* _Exercise description_
Count the lines of the listing below where "Long" shows up, and please answer with that number only.

* _The records_
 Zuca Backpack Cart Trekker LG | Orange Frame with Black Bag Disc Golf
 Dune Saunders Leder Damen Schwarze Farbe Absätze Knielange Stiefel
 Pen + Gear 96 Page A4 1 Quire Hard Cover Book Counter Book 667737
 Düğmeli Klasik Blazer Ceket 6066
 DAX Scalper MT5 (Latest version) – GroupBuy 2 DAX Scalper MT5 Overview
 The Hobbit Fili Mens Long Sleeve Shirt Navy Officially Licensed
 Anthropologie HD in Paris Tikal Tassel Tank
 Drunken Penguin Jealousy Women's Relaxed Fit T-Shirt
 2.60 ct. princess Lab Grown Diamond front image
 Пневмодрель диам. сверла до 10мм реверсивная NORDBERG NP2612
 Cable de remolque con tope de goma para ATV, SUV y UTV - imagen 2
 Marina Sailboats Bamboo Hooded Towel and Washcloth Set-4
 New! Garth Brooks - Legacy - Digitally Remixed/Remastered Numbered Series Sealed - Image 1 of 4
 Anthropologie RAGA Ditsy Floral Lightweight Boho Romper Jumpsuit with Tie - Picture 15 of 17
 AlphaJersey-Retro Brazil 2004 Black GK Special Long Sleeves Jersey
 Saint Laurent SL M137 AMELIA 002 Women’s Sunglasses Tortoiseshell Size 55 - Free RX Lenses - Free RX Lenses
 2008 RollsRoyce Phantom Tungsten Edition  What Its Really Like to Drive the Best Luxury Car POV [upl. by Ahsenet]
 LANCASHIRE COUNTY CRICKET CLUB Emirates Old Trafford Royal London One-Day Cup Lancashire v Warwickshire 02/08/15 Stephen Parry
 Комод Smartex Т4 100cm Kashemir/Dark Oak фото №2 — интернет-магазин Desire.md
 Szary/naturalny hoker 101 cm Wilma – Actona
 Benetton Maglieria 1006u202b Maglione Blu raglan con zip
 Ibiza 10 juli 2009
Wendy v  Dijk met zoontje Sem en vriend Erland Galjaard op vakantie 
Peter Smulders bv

* _Your solution_
2